- Born: January 31, 1963 (age 62)

Academic background
- Education: BA, history, 1986, Stanford University MA, 1992, PhD, 1996, University of California, Davis
- Thesis: Uplifting cultures: encounters between white women and Pueblo Indians, 1890-1935 (1996)

Academic work
- Institutions: University of Nebraska–Lincoln University of Cambridge New Mexico State University

= Margaret D. Jacobs =

American historian

Margaret Davis Jacobs (born January 31, 1963) is an American historian. She is the Chancellor's Professor of History and Charles Mach Professor at the University of Nebraska–Lincoln.

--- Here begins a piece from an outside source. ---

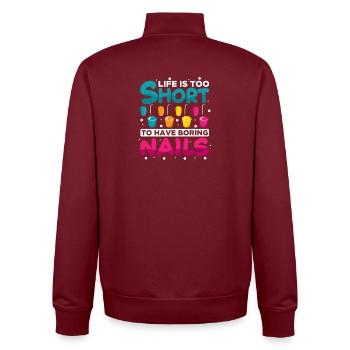 Nail Designer Nail Designer Cosmetics Nail Salon - Unisex Organic Zip Sweatshirt by Stanley/Stella - burgundy - Back - AI Model Male 185 dark (185cm)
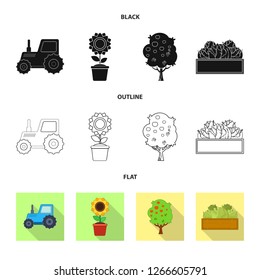 Vector design of farm and agriculture logo. Set of farm and plant stock vector illustration.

==Early life and education==
Jacobs was born on January 31, 1963. She grew up in Colorado but also lived in California and Oregon. Jacobs completed her Bachelor of Arts degree in history at Stanford University in 1986 before enrolling at the University of California, Davis for her graduate degrees.

==Career==
Following her PhD, Jacobs taught history at New Mexico State University for seven years before joining the faculty at the University of Nebraska–Lincoln (UNL) in 2004. As a professor of history and the director of the Women's and Gender Studies Program, Jacobs published two book by 2009. Her first book was titled Engendered Encounters: Feminism and Pueblo Cultures, 1879-1934 and her second book was titled White Mother to a Dark Race: Settler Colonialism, Maternalism, and the Removal of Indigenous Children in the American West and Australia, 1880-1940. Her second book received one of three 2010 Bancroft Prizes and the 2011 Athearn Book Award. Two years later, Jacobs also received a fellowship from the American Council of Learned Societies to expand on her research from White Mother to a Dark Race. In 2015, Jacobs was appointed the Pitt Professor of American History and Institutions at the University of Cambridge for the 2015–16 academic year.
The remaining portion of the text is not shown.